Allocution du Premier ministre à l'Institut des hautes études de défense nationale (IHEDN)
Ma présence ici aujourd’hui, celle des membres du Gouvernement et des hautes autorités responsables de la Défense nationale, ont pour but de souligner, une fois de plus, qu’aux yeux du Gouvernement, l’indépendance nationale, objectif fondamental de notre politique depuis vingt ans, dépend de notre défense. Mais, je voudrais saisir l’occasion qui m’est offerte aujourd’hui pour souligner le rôle de facteurs non militaires, qui conditionnent l’efficacité de cette défense et la sauvegarde de notre indépendance.
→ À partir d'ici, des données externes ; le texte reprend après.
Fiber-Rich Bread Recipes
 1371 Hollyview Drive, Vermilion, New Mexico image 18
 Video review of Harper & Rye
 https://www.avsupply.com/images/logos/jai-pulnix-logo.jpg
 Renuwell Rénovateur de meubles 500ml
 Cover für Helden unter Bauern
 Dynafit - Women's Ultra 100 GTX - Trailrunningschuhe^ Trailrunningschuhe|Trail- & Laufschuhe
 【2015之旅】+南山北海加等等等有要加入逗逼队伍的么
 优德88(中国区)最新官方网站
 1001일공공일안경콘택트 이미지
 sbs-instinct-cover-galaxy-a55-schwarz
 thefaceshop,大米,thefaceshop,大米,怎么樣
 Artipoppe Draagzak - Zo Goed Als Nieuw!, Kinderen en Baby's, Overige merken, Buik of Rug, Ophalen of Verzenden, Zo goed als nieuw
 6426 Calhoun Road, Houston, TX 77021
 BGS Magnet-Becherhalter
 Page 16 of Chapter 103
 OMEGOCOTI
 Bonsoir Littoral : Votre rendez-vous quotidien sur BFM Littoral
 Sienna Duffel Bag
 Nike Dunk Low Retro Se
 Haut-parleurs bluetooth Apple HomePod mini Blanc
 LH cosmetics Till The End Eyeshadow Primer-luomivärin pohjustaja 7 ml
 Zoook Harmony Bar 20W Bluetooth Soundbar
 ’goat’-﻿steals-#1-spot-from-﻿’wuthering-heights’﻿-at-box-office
L’idée d’indépendance, comme celle de liberté, sont chères à l’esprit des Français. Elles expriment, l’une à l’échelle de la nation l’autre à celle de l’individu, la même aspiration à affirmer sa personnalité et à assumer la maîtrise de son destin.
Elles constituent notre bien le plus précieux, celui qu’il nous a fallu si souvent défendre. C’est pourquoi elles sont indissolublement liées dans la mémoire individuelle et collective des Français.
Mais notre conception de l’indépendance doit s’appuyer sur une vision réaliste et lucide du monde où nous vivons et de son évolution.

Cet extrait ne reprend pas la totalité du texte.